About this time Ter Borch was invited to visit Madrid in Spain. There King Phillip IV gave him employment and honored him with knighthood. However, the artist became involved in an intrigue and was forced to return to Holland.
There he lived for a time at Haarlem. Later on he finally settled in Deventer, where he became a member of the town council. It is as a member of this body that he appears in the portrait now in the Gallery of the Hague. Ter Borch died at Deventer in 1681.
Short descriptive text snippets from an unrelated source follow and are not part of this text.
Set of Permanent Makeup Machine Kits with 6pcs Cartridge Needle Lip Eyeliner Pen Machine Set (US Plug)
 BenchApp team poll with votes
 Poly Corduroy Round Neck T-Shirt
Some critics rank this artist very close to Rembrandt and Franz Hals. He liked to portray the higher social circles of his day with all the stately pomp that distinguished them. This took delicate technical skill in the representation of costly costumes, and in addition to all this, Ter Borch was able to give a poetic charm to the interior of the houses which he portrayed, throwing romantic interest over anything.
The paintings of Ter Borch are quite rare. Only about eighty have been catalogued. His work is free from the touch of grossness that characterized many of the Dutch artists of the time.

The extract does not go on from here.